### DATA TO PROCESS

------------------------------------------------------------

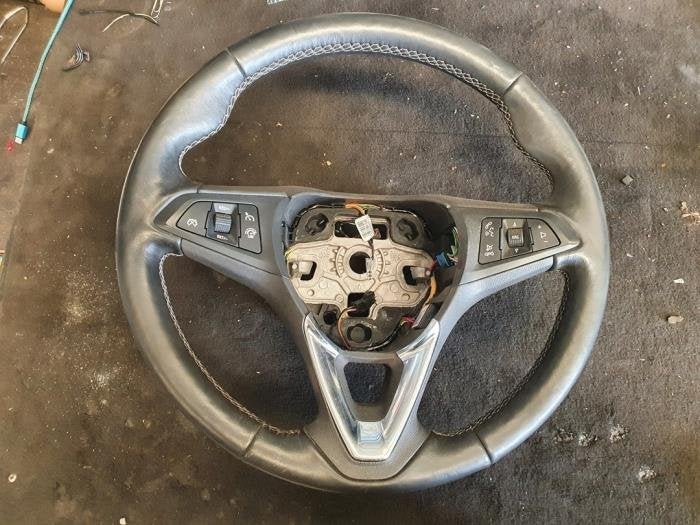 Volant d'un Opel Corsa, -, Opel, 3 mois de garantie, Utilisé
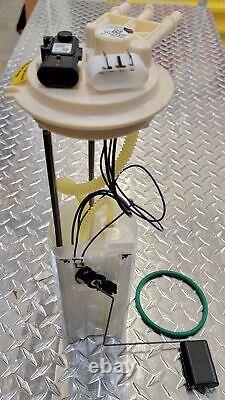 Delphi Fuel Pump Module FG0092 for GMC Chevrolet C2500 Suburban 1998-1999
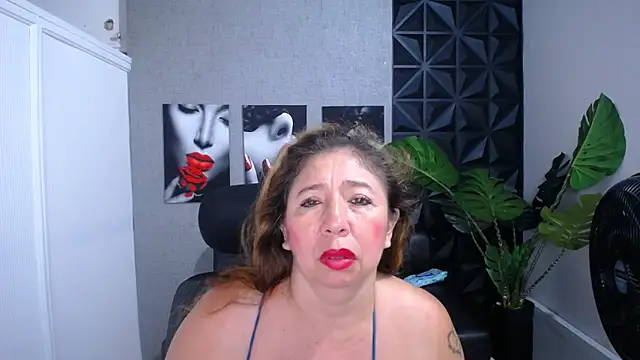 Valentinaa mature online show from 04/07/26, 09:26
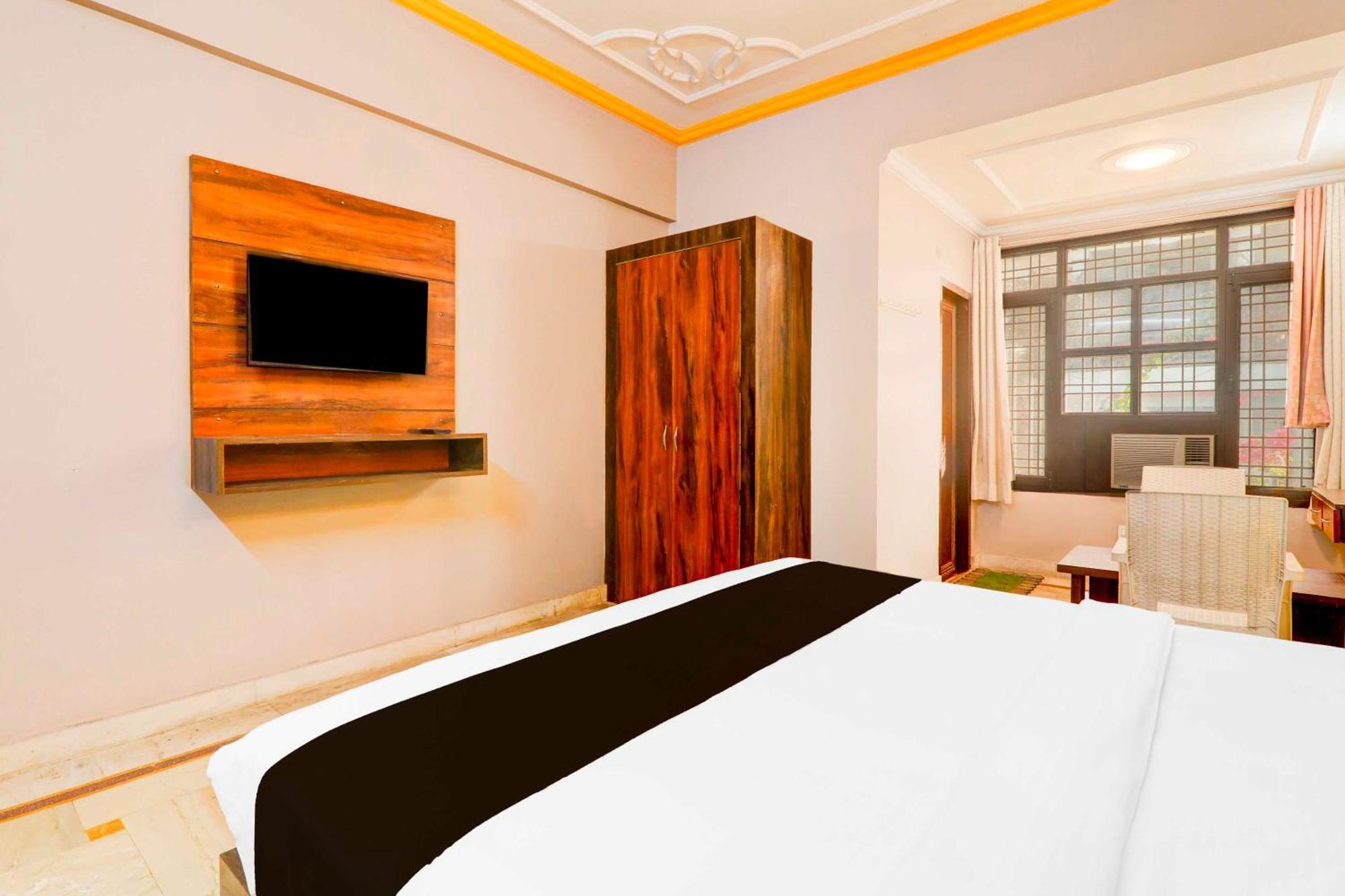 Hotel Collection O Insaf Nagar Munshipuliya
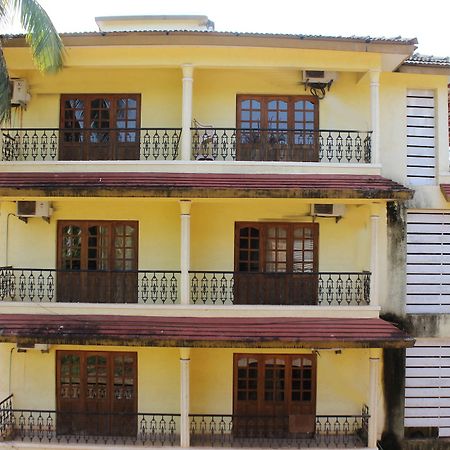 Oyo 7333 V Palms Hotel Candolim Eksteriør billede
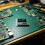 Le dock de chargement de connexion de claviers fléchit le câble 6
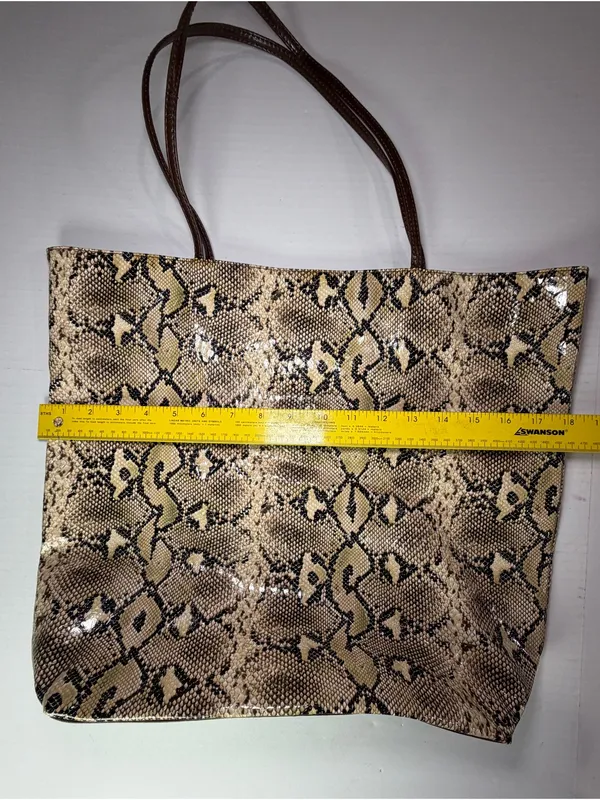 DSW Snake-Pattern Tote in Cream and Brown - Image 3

------------------------------------------------------------

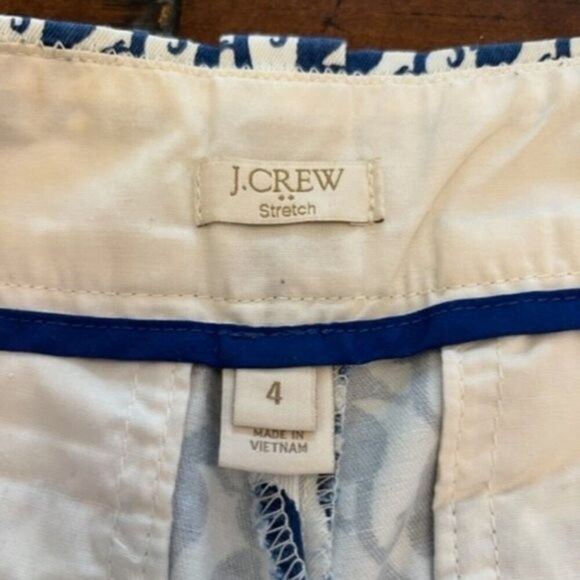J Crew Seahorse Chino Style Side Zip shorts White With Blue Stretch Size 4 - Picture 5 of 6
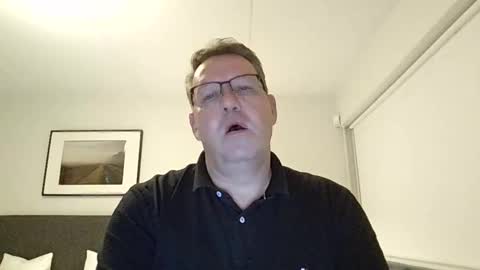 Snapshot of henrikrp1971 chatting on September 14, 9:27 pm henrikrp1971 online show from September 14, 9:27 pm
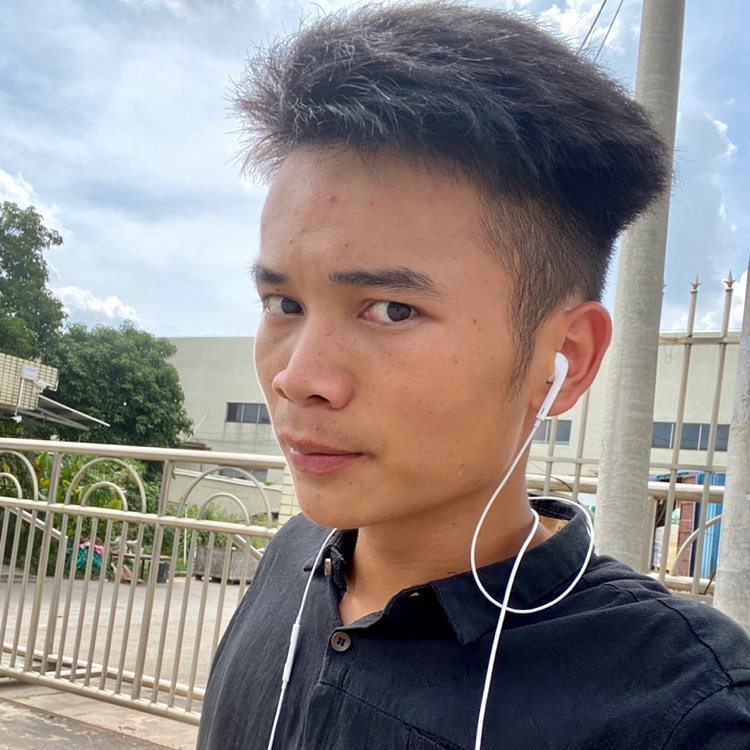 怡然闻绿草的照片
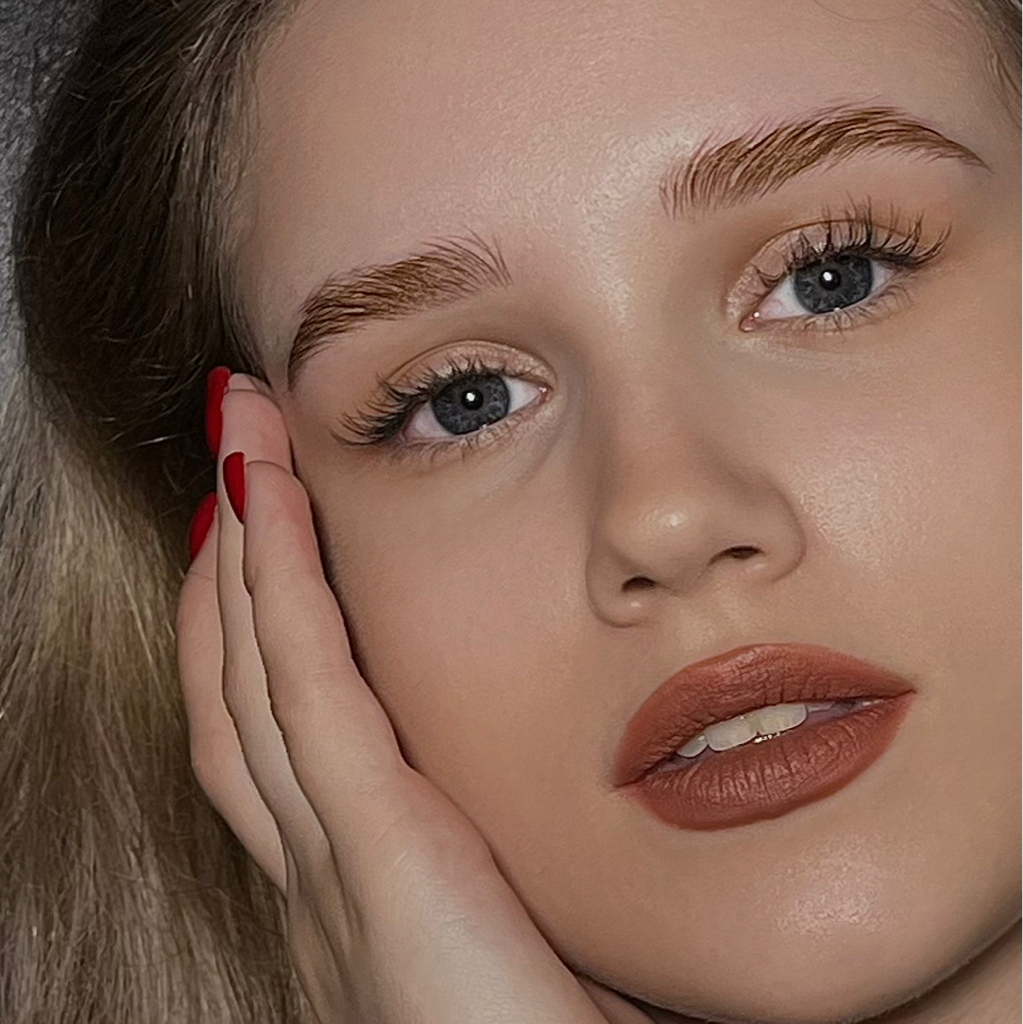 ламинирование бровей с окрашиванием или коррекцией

------------------------------------------------------------

### TASK DESCRIPTION
Above are some records; quote exactly and only the lines that begin at the line containing "Delphi Fuel Pump" and stop after the line containing "DSW Snake-Pattern Tote", leaving out the pictures.

### ANSWER SPACE
 Delphi Fuel Pump Module FG0092 for GMC Chevrolet C2500 Suburban 1998-1999
 Valentinaa mature online show from 04/07/26, 09:26
 Hotel Collection O Insaf Nagar Munshipuliya
 Oyo 7333 V Palms Hotel Candolim Eksteriør billede
 Le dock de chargement de connexion de claviers fléchit le câble 6
 DSW Snake-Pattern Tote in Cream and Brown - Image 3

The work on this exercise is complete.